There are only so many ways to surprise in the construction of a murder mystery, which is why the set-up of Wake Up Dead Man is understood from the start and goes so far as to cite its sources: Here is a locked-room murder, a la John Dickson Carr's The Hollow Man, and, as we all know, there are only four ways to commit a theoretically possible locked-room murder. If you don't know, the movie will teach it to you. By nature of the genre, the ending of the movie is understood as well: As a romance ends with a happily ever after and a comedy—at least Shakespearean style—ends with a marriage, every whodunnit will end with who did it. Even the ways you can be surprised are understood: It was the person who hired the detective! All of the suspects were in on it! It was the murdered person herself!

For all the exhaustion of franchising, a murder mystery is the ultimate, perhaps least cynical, form. The burden of the traditional murder mystery series is to do something new each time, complicating the twists and turns of the mystery enough so that the surprise of who did it in the end is, well, a surprise, and not so obtuse as to be unguessable.

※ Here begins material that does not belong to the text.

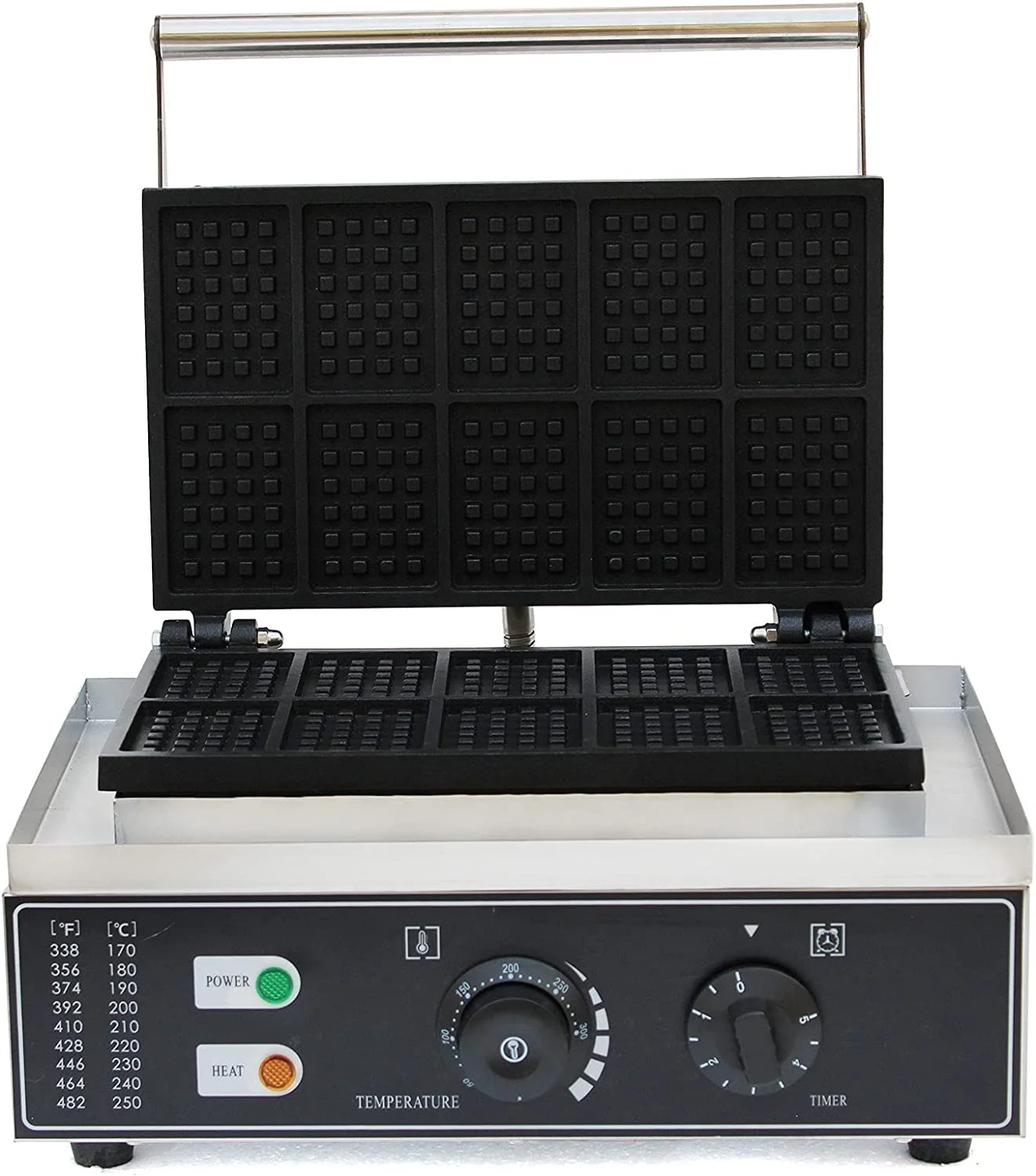 Miumaeov 110V Commercial Waffle Maker Machine Adjustable Stainless Steel Nonstick 10PCS Waffle Maker for Bread Shop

The latter point is, depending on the viewer, not a necessity; I am personally happy simply noticing the writer's sleight of hand for including relevant details, and rarely think actively enough to select a suspect or concoct a possible solution. It is also better for a mystery to err on the side of complication because after all, the hero detective in a murder mystery is necessarily smarter than everyone else in the room, including the audience. Make that detective charming and believable enough, and you can't resent them, or the narrative, for winning every single time.

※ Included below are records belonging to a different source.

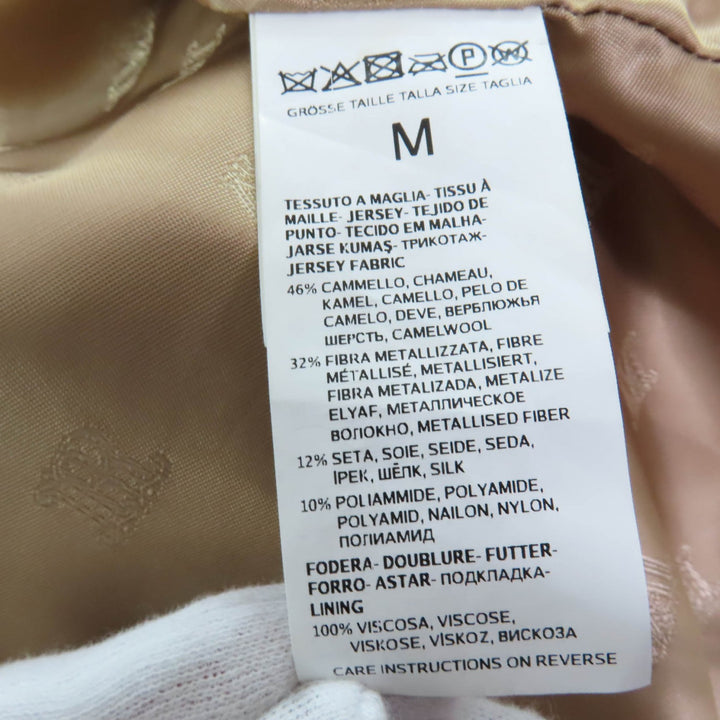 極美品☆Max Mara マックスマーラ 101101016 テディベアコート キャメル100％ シルク混 ベージュ ゴールドラメ M イタリア製 正規品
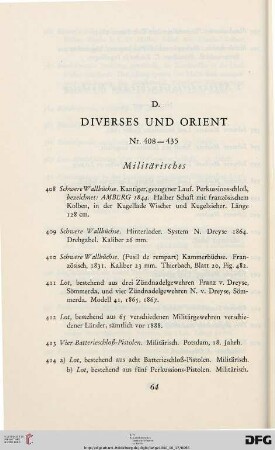 D Diverses und Orient: Militärisches (Nr. 408-435)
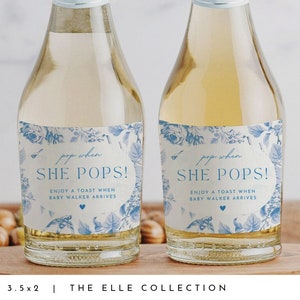 Mini etiquetas de champán personalizadas Descarga digital Azul Floral Baby Shower Imprimible Pop moderno Cuando ella pop Cheer Baby Boy Etiquetas de vino #ELLE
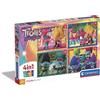 Clementoni - 21527 - Supercolor Puzzle - Trolls 3-4 Puzzle da 12,16,20 e 24 Pezzi - Puzzle Bambini 3 Anni, Puzzle Cartoni Animati - Made In Italy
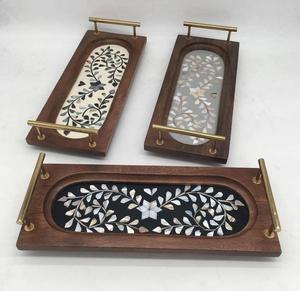Elegant Luxury Wooden & Mother of Pearl Inlay Decorative <b>Serving</b> Trays <b>Bowl</b> Handmade Feature for Party Chocolates <b>Serving</b> - Product Image 5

Rian Johnson's detective is the dapper, heavily Southern-accented Benoit Blanc (Daniel Craig, arbitrarily with longer hair this time), and like Sherlock Holmes or Hercule Poirot, he is accompanied by an ordinary person to serve as his intellectual foil. Where Johnson splits from the Dr. Watson sidekick model is that Blanc's foil changes each film, though they share some characteristics: fundamentally good and kind, out of their depth, the true moral center of the film. In Wake Up Dead Man, Blanc's temporary sidekick is Father Jud Duplenticy (Josh O'Connor), an idealistic young priest sent to a parish run by Monsignor Jefferson Wicks (Josh Brolin), who tends to a core of parishioners by either preying on their optimism or feeding their resentment of the world. His flock includes such figures as a wannabe Republican influencer-cum-politician who at one point mistakenly compares himself to the Star Wars rebels, and a radicalized science fiction author who wants to escape Substack hell. Subtlety is not and will never be a requirement of the genre; as all of Johnson's Benoit Blanc films, Wake Up Dead Man is unabashedly—and pleasantly—woke.

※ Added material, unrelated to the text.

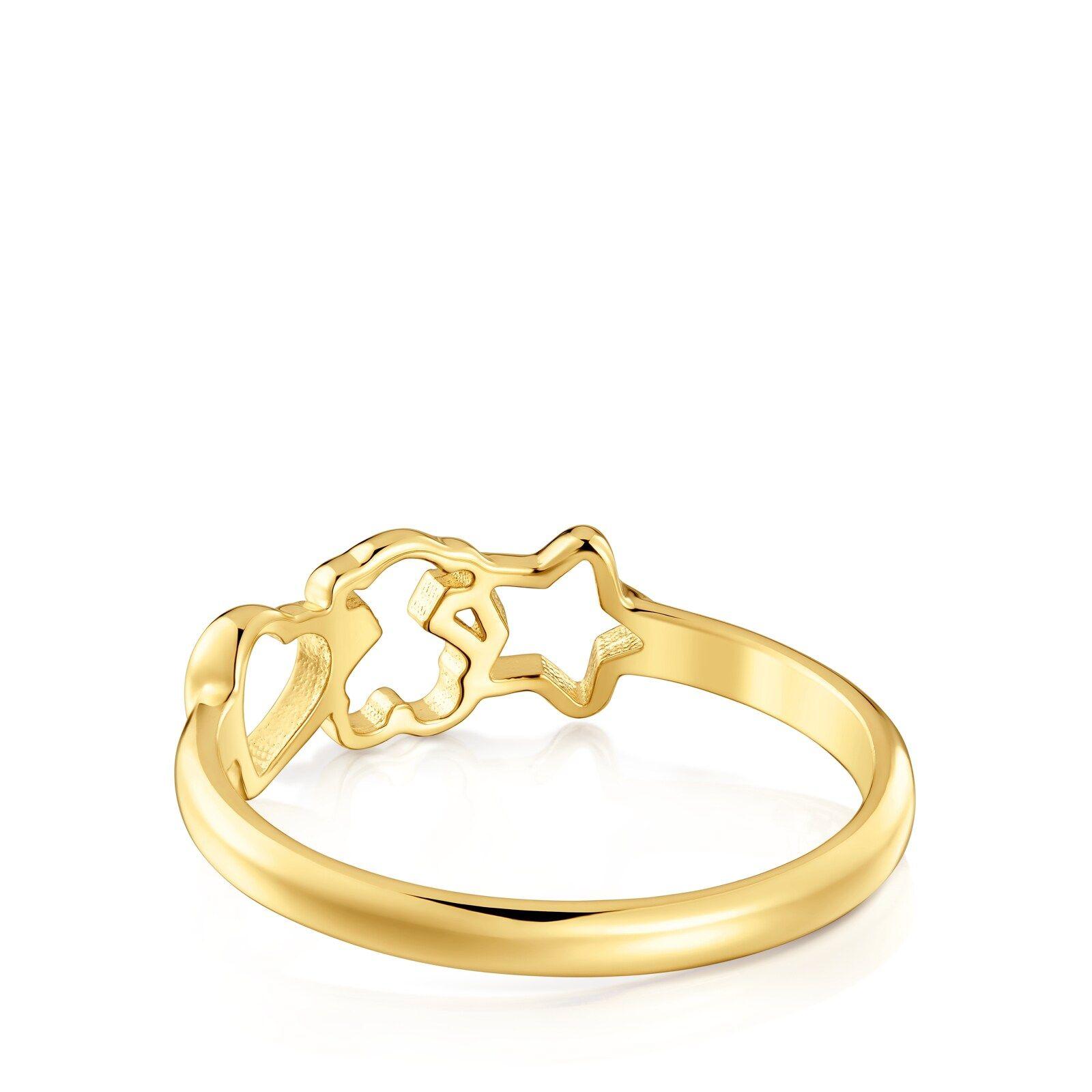 Anillo de plata y motivos con baño de oro 18 kt sobre plata TOUS Motivos-2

When Wicks walks into an alcove after an Easter sermon in full view of the parish, collapses onto the floor, and is found dead immediately after, the blame falls on Duplenticy, the outsider and only person in the church to, at first glance, bear active resentment toward Wicks. This is the final characteristic of the Blanc–Johnson sidekick: They need to, in some way, be protected from the murder mystery's machinations. In the original Knives Out, Blanc's investigation poses an active threat to Marta Cabrera, a nurse (with an undocumented immigrant mother) who is initially shown as being responsible for the victim's death.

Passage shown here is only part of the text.